Covid-19, locust swarms disrupt Pakistani farmers’ income, productivity: ADB

ISLAMABAD: Two major crises in Pakistan — Covid-19 and locust swarms — had a significant impact on the livelihoods of farmers.

According to a survey of farmers in Sindh carried out by the Asian Development Bank (ADB), tomato farmers especially faced acute difficulties, with majority choosing not to harvest their crop.

The challenges most often cited were the farmers’ inability to travel to markets and cities and the unavailability of traders to purchase the crops.

Almost all respondents from upper Sindh reported locust swarms, with over a third of lower Sindh respondents stating they had also been affected. Upper and lower Sindh respondents reported an almost universal lack of government response as a source of information about the swarms or relief in the form of surveys and spraying.

“The market disruptions caused by the Covid-19 pandemic and its related policy measures are temporary. The government needs to monitor and ensure the functioning of market activities and the availability of agricultural inputs, as requested by farmers,” ADB suggested. “Locust swarms may require action to both mitigate the damage already caused and to invest in long-term means to help farmers and communities prepare for future locust swarms.”

ADB released on Tuesday results of the survey carried out in June 2020 under ADB technical assistance and collected information on how Covid-19 related measures and disruptions affected the harvest and marketing of rabi season crops and dairy products, the availability and price of inputs, and the financial needs of farmers.

More than 400 farmers were surveyed in Sindh on the impact of the nationwide lockdown in response to the coronavirus disease. Due to the pandemic, more than half of the farmer households reported lower food consumption with one-third of them reporting lower earnings.

Among the respondents, the largest number (97.1pc) cited the need to ensure timely supply of agricultural inputs followed by the need to ensure price stability for agricultural produce (96.8pc), and then the need to ease loan repayment conditions or write-off loans (80.7pc).

About 68.8pc of respondents identified equally the needs to remove restrictions on the supply of agricultural inputs and to allow the marketing of agricultural produce in districts other than the farmers’ home district. About half of the respondents suggested other policy measures.

Covid-19 related problems have severely affected farmers of all crops; over 65pc of wheat farmers and more than 67pc of fruit and vegetable farmers reported difficulties with selling their produce. Tomato farmers experienced an even more severe outcome – over 32 per cent were unable to market their produce at all and a further 61.2pc were able to do so, but with difficulty. In addition, 61pc of respondents were unable to complete their tomato harvest.

Milk producers were also affected, as traders were unable or unwilling to buy milk from milk producers. Among the respondents, 81pc of milk producers reported that they were unable to market their produce daily in the past few months.

In addition, farmers faced acute problems during the kharif cultivation season because of the limited availability and increased prices of farm inputs, particularly seeds. Another major concern, especially for farmers in Upper Sindh, is the severe locust invasion.

To mitigate the severe impacts of Covid-19 and the locust swarms, the survey respondents identified essential actions, in order of priority ensure timely supply of agricultural inputs, ensure price stability for agricultural produce, ease loan repayment conditions or provide waive loans, and remove restrictions on marketing agricultural produce in districts beyond where it was grown.
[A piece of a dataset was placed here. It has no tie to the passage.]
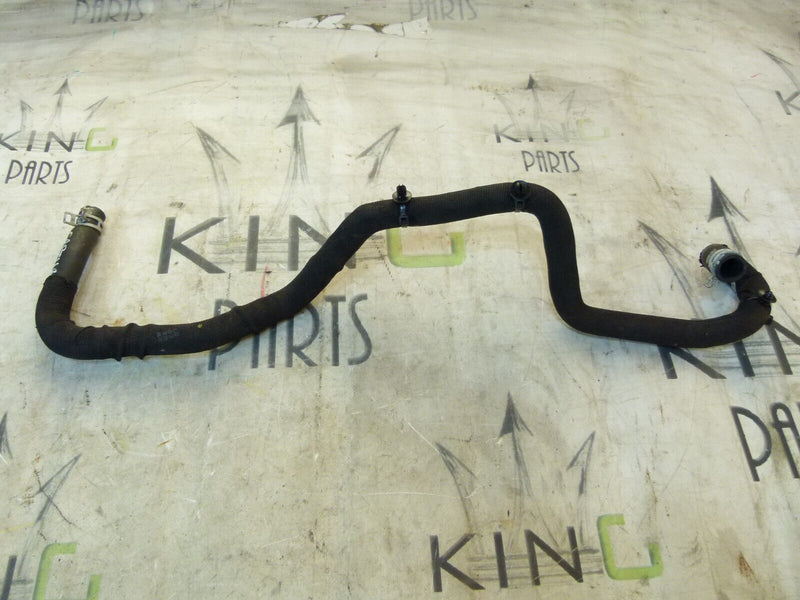 RENAULT CAPTUR 2020-ON RADIATOR COOLING HOSE PIPE 210218026R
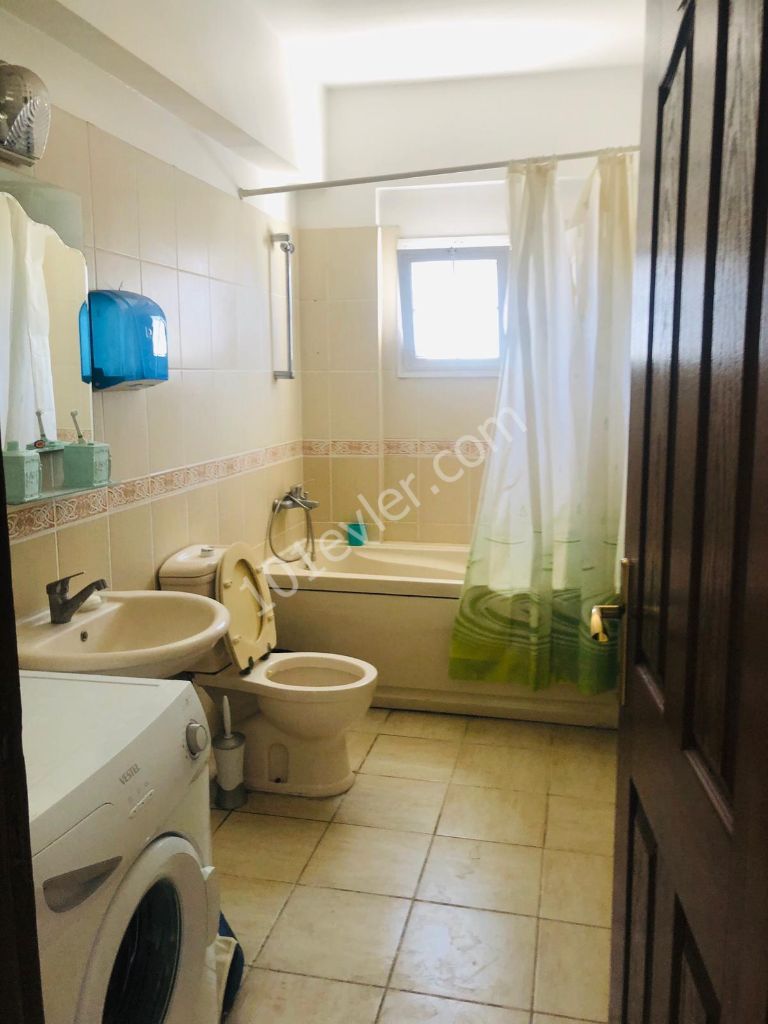 Office To Rent in Girne Merkez, Kyrenia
Concerning crops grown during the 2019-2020 rabi season, wheat, the predominant crop grown during the rabi season in Sindh, was produced by 93.7pc of farmers. Oilseed was grown by 27.3pc of farmers, followed by tomatoes at 25.6pc. Sindh farmers also produced substantial quantities of lucerne (20pc) and berseem (19.3pc), which are fodder crops for livestock.

In addition, farmers grew onions (9.3pc of respondents); melons (5.1pc); sugarcane (3.9pc); and banana (1.2pc). Some (2.2pc) grew miscellaneous fruits, and a few (7.8pc) planted other crops. Finally, 20.2pc of producers grew a variety of vegetables.

Almost all respondents reported having completed harvesting their wheat. The majority completed their harvest after the fourth week of March, although this was much more prevalent in upper Sindh (81.7pc) than in lower Sindh (57.1pc). In lower Sindh, 39pc of respondents had completed their wheat harvest by the fourth week of March, with the rest completing their harvest later.

A third of the respondents felt that their wheat harvest had been delayed compared with the past years; of these, 38.6pc cited rain as the reason, 26.8pc stated that harvesting machines were not available on time, and 18.9pc noted a shortage of labour during harvest time.

The share of respondents reporting unavailability of labour was higher in Lower than in Upper Sindh. Respondents who did not cite rain as a reason for delay were prompted to consider whether Covid-19 had an impact on the delay of their wheat harvest – 84.3pc of them said that Covid-19 had an impact.

When asked to identify their major wheat crop buyers, 95.4pc of respondents said they sold their harvest in the open market, and only 4.6pc cited the government as their primary buyer. Respondents who sold in the open market reported an average price of Rs1,278 per 40 kilogrammes of wheat.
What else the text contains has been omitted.